Preparing and Preventing a Home Fire
Always monitor and supervise cooking in the kitchen. Kitchen fires are the most prevalent type of fire in the home.
Use heating devices carefully to prevent accidents. Supervision of these devices is usually required for safety.
Wiring incidents such as sparking and arcing can cause home fires. Installing arc fault circuit interrupters can provide fire protection in the home.
Use care with electrical items in the home. Do not place cords under rugs, and do not use damaged cords.
Don't use extension cords to overload outlets and electrical circuits, because this is a fire hazard.
Replace smoke alarms every 10 years to ensure they remain in proper working order.
Smoke alarms should have some type of certification of independent testing, such as a label from the Underwriters' Laboratories.
For full fire protection, install smoke alarms that utilize ionization technology and photoelectric detection technology.
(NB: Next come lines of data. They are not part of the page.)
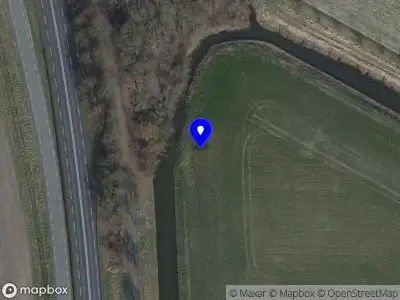 Politie met grote spoed naar de Katseveerweg in Wilhelminadorp vanwege letsel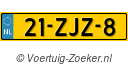 21ZJZ8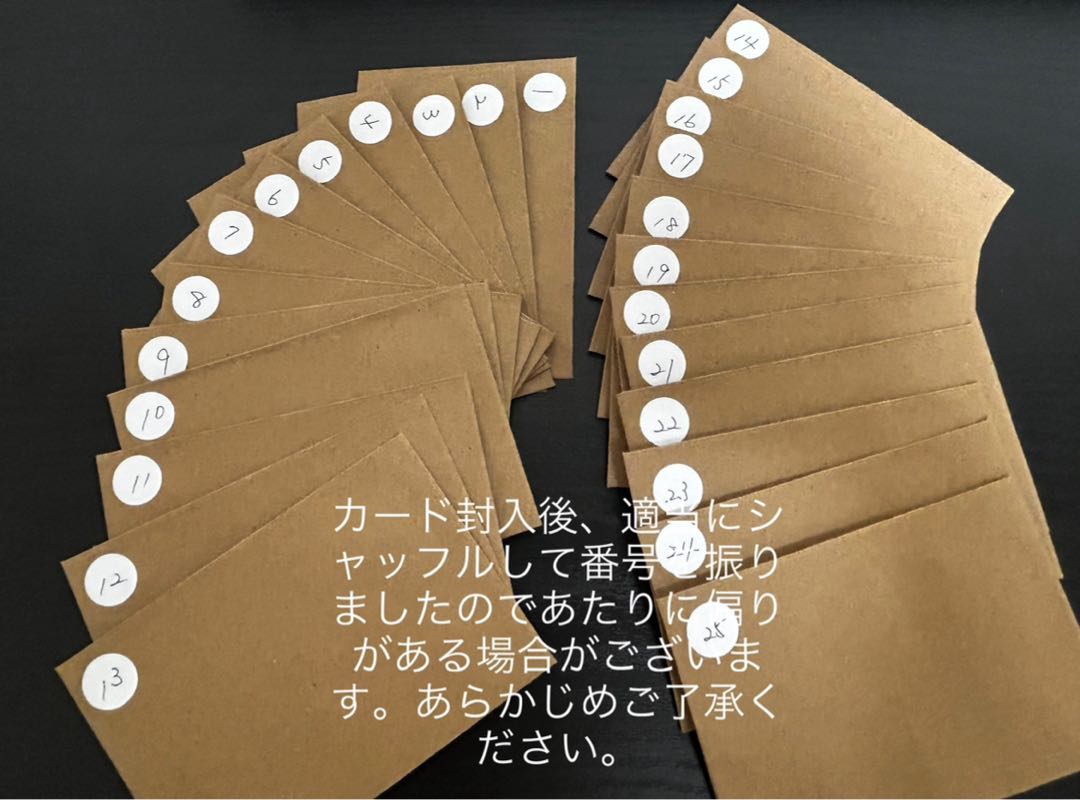 One Piece Card 3000 yen Oripa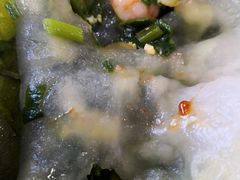 -龙香居海鲜家常菜饭店·特色驴肉·古城浑锅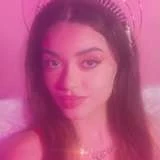 roleplay-lily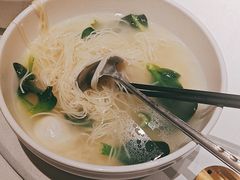 -赣悦轩·四季小馆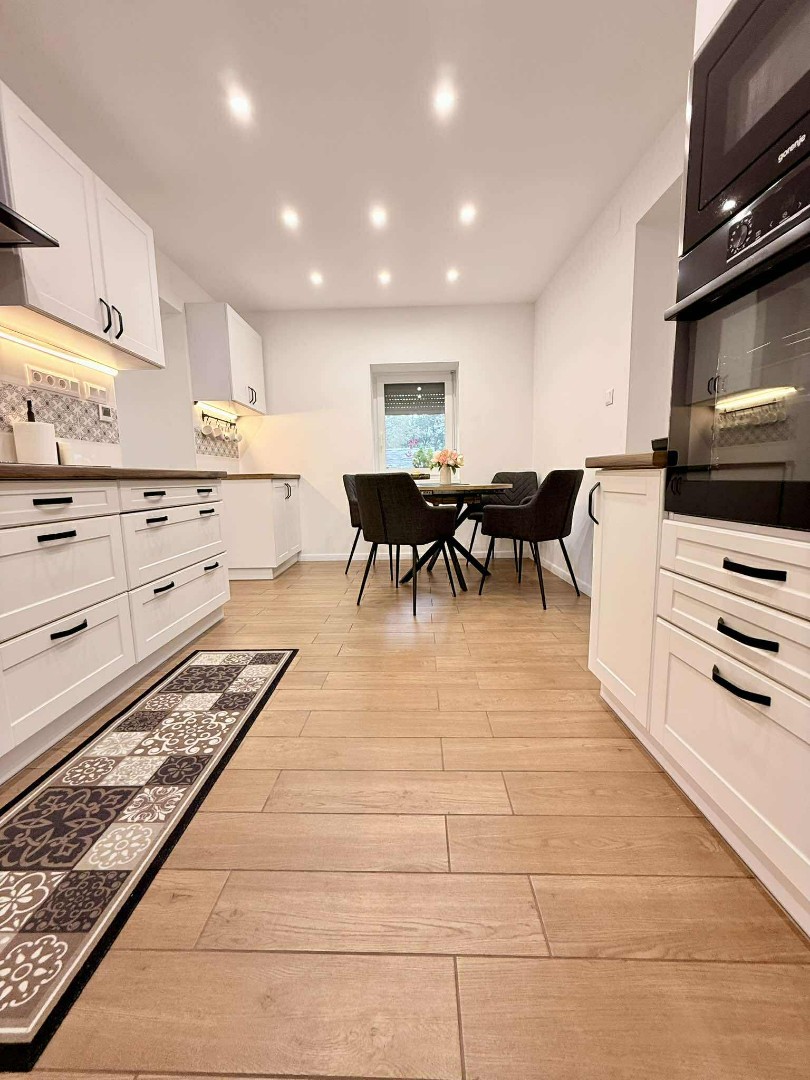 Eladó családi ház Dédestapolcsányon - Kép 18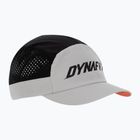 DYNAFIT Transalper šedá baseballová čiapka 08-0000071527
Install smoke alarms on the ceiling or on the upper wall, away from forced air registers.
Use a vacuum cleaner brush attachment to clean a smoke alarm when you change the batteries.
Home Fire Escape Plans
Draw a full map of your home that includes all doors and windows. Talk about all escape options with your family so everyone is familiar with the options.
Every family member should know at least two ways to get out of every room in the home.
Make special provisions for any family members, such as children or the elderly, who will need help escaping a home fire.
In a home fire, the rooms will usually fill with smoke. The smoke reduces visibility and can also cause people to become disoriented, which could lead people to become lost or trapped in their home. This is why home escape plans are so important.
Choose a meeting place for the family to gather after escaping a home fire so you can make sure that everyone is safe.
Clear the area around the stove to make sure that flammable items such as potholders and towels do not catch on fire.
If you decide to fight a kitchen fire, have others leave the house and clear an escape route for yourself.
Keep surfaces clean in the kitchen, because accumulation of grease can be a fire hazard.
If a fire happens inside the oven, turn it off and keep the door closed.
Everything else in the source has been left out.